[Given material]

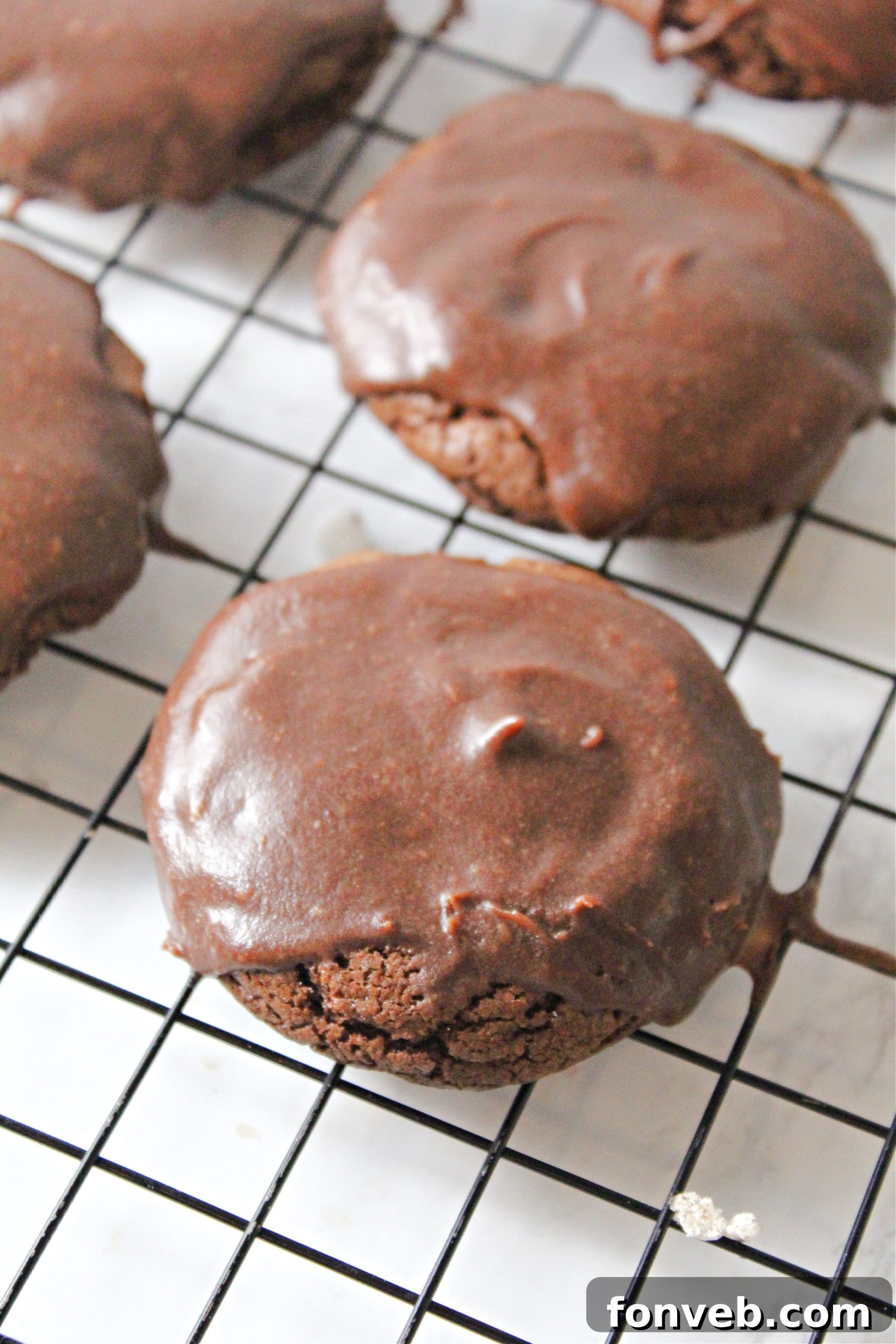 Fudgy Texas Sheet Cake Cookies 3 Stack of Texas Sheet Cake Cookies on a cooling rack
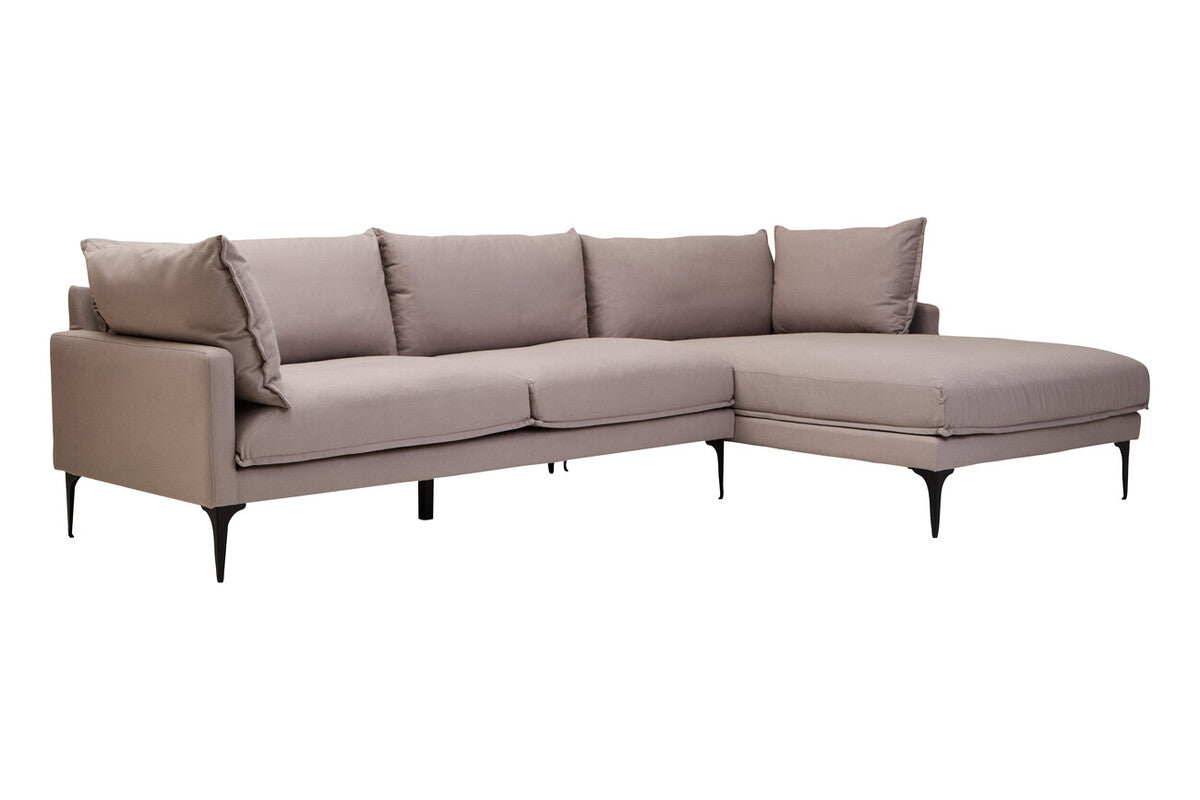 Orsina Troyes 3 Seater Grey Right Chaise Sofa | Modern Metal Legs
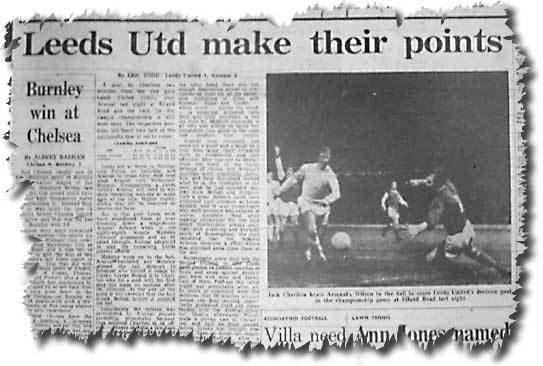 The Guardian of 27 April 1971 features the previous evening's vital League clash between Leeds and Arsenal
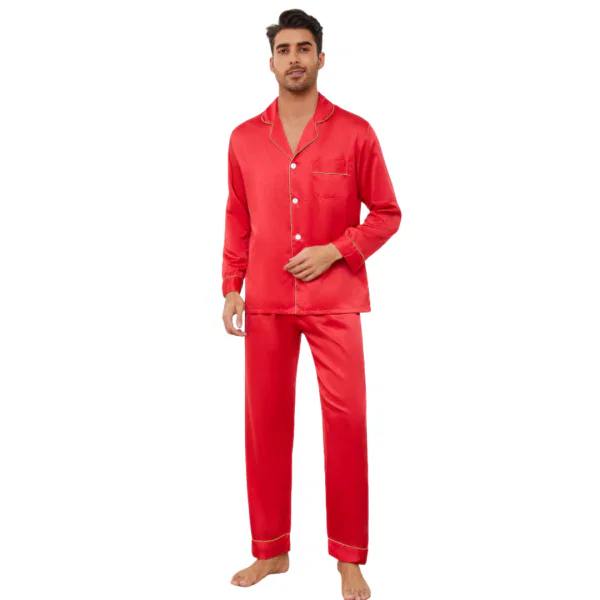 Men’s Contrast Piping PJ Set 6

[/Given material]

## Instructions for the task
The result should be a verbatim copy of the data, free of pictures.

## Task result
 Fudgy Texas Sheet Cake Cookies 3 Stack of Texas Sheet Cake Cookies on a cooling rack
 Orsina Troyes 3 Seater Grey Right Chaise Sofa | Modern Metal Legs
 The Guardian of 27 April 1971 features the previous evening's vital League clash between Leeds and Arsenal
 Men’s Contrast Piping PJ Set 6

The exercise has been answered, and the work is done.